Many of the things William Countryman says in the book are not new - the importance of focusing on Jesus, belonging to a communion of saints, the need for humility, the tensions between Liberal, Evangelical and Catholic groups of Anglicans. However, it's how he talks about these foundations of the Anglican faith, and the unique perspective that he brings to bear in this discussion, that makes this work of just over a hundred pages such a refreshing and engaging read.
As always, poet that he is, Countryman links us into the world of many poets from our tradition. The words and prayers of Christina Rossetti feature prominently. Countryman says that she lived in times similar to our own, 'when the church seemed threatened by indifference from without and conflict within.' Her poetry and her prayers have much to teach us.
With Rosetti as his exemplar, Countryman emphasizes that the Anglican Church as a whole should recognise the importance of the role of the Holy Spirit, rather than only scripture or reason, to assist us through these turbulent times. The spirit was present with the disciples at the very beginning, Countryman explains, involved and present to their confusion and uncertainty. And it is by means of the Incarnation that we truly come to know the spirit. We are 'caught by it; outrageous as it is, the Incarnation of Jesus turns out to be revelatory.' Amongst the many images of Jesus that Countryman lists, the two that he is most interested in here are Jesus as Priest and Jesus as Lover.

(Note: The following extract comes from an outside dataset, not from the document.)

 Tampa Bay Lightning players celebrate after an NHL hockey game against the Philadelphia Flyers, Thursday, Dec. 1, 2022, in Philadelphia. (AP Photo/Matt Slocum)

Countryman has a great ability to speak with a voice that is accessible, imaginative and direct. When Jesus is imaged as Priest, he becomes that person who can help you to 'stand in the presence of God and understand something about what you experience there.' Jesus is the Priest who stands at our side; he or she reveals 'God is love - more yet, that God is in love with you.' Throughout this work Countryman encourages the reader to deepen into the God of love. So Jesus is imaged as our truest friend, our lover, one beside whom we 'feel desire' (even if it is not sexual) to be in his company. This is because we find ourselves there to be more truly ourselves. It is a relationship where there is both a certain deep quality of desire and a fulfilment found. And by accepting this love we are drawn into a 'circle of lovers’ which inspires us to create and share, not just consume.
Countryman often addresses the reader directly, which has the quirky effect of personally involving you in what he is saying. His style invites dialogue. It also models a way of addressing the way we approach the current divisions inside the Anglican church - through dialogue and listening engagement, rather than by issuing pronouncements or lecturing. His approach is gentle and non-threatening. It also attempts to be transparent. Countryman readily concedes to feel, at present, more in tune with the Catholic group of Anglicans, although he has an ongoing ‘love affair’ with all three of these ‘internal sects.’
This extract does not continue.